テレワークは自宅やカフェ、コワーキングスペースなど、オフィス以外の場所で仕事を行うため、さまざまな情報漏洩のリスクが伴います。
物理的なリスクとして、書類やデバイスの紛失や盗難が挙げられます。自宅以外の場所で仕事をする場合、例えばカフェや公共の場では、書類やノートパソコン、USBメモリなどのデバイスを置き忘れたり、盗まれたりする危険性が高まります。これにより、機密情報が第三者に渡るリスクがあります。
次に、ネットワーク環境におけるリスクがあります。テレワークでは、インターネットを介して社内のシステムやデータベースにアクセスするため、安全でないWi-Fiネットワークを利用することによる情報漏洩のリスクが増大します。
公共のWi-Fiは暗号化されていないことが多く、第三者が通信内容を盗聴する可能性が否定できません。
ハイブリッドワークでは、従業員がオフィス以外で働くため、オフィスワークだけの勤怠管理に比べると複雑になるという課題があります。
まず、勤務時間の把握が難しくなります。オフィスでは従業員が出社してから退社するまでの時間が明確で、タイムカードや出退勤システムを使って容易に管理できます。
しかし、テレワークを含むハイブリッドワークでは従業員が自宅などで勤務しているため、実際の勤務時間を正確に把握するのが難しくなります。従業員がいつ業務を開始し、いつ終了したかを確認するためには、専用の勤怠管理システムやツールが必要です。
また、勤務の状況が見えにくくなる点も、課題として挙げられます。オフィスでは、従業員の姿勢や活動を直接観察することで、仕事に取り組んでいるかどうかをある程度把握できます。
しかし、テレワークではそのような直接的な観察ができないため、従業員がどの程度集中して業務に取り組んでいるか、適切に休憩を取っているかを確認するのが難しくなります。
ハイブリッドワーク導入の主なメリットは、以下の3つにあります。
これらについて見ていきましょう。
ハイブリッドワークはワークライフバランスの実現に大きく貢献します。多くの従業員にとって、家事や子育て、介護などの家庭の責任と仕事を両立させることは大きな課題です。

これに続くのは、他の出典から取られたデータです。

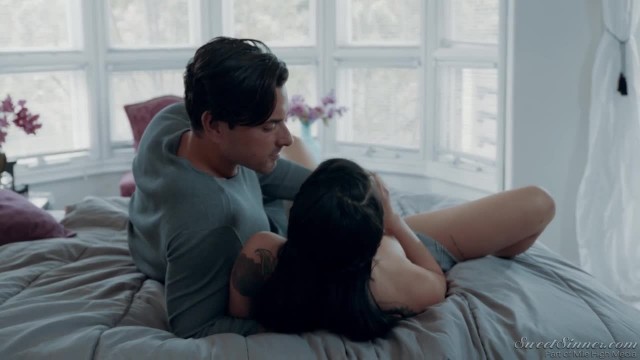 Девка любит дрочить во время секса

ハイブリッドワークでは、働き方を自分で選択できるため、家庭の事情に合わせて柔軟に働くことが可能です。
例えば、週に数日はテレワークを選び、家族との時間や趣味に費やす時間を確保することができます。そうすれば精神的な安定や仕事への意欲が向上し、長期的に働き続けるための環境が整えられるはずです。
また、結婚や家庭の事情による引っ越しなどのライフイベントにも柔軟に対応できるため、従業員の満足度や定着率が向上する効果もあります。
データの入力や分析など、個人で行う業務はテレワークの方が効率的であることが多いです。
自宅環境の方が集中しやすい従業員も多く、静かな環境で業務に専念することで作業効率が上がります。
一方、オフィスでの業務が必要な場合やチームでの協力が重要な場面では、オフィスワークを選ぶことができます。
業務内容や従業員の適性、状況に合わせて働き方を柔軟に使い分けることで、全体としての生産性が向上することが期待できます。
ハイブリッドワークは従業員の満足度とエンゲージメントを向上させる効果があります。
柔軟な働き方を提供することで、従業員は自分のペースで仕事を進めることができ、ストレスが軽減されるとともに、仕事に対するモチベーションが高まります。
これにより、従業員の離職率が低下し、優秀な人材の定着率が向上する効果が期待できるのです。また、従業員が満足している企業は評判が良くなり、外部からの優秀な人材も集まりやすくなります。
また、ハイブリッドワークは企業のブランドイメージ向上にも寄与します。
現代の求職者は、働き方に柔軟性がある企業を好む傾向があります。ハイブリッドワークを導入している企業は、先進的で柔軟な働き方を推進しているというイメージを持たれやすく、これが優秀な人材を引き寄せる要因となるでしょう。
ハイブリッドワークを導入するには、特にリモートワーク、オフィスワークともに快適で安全に仕事ができる環境を整える必要があります。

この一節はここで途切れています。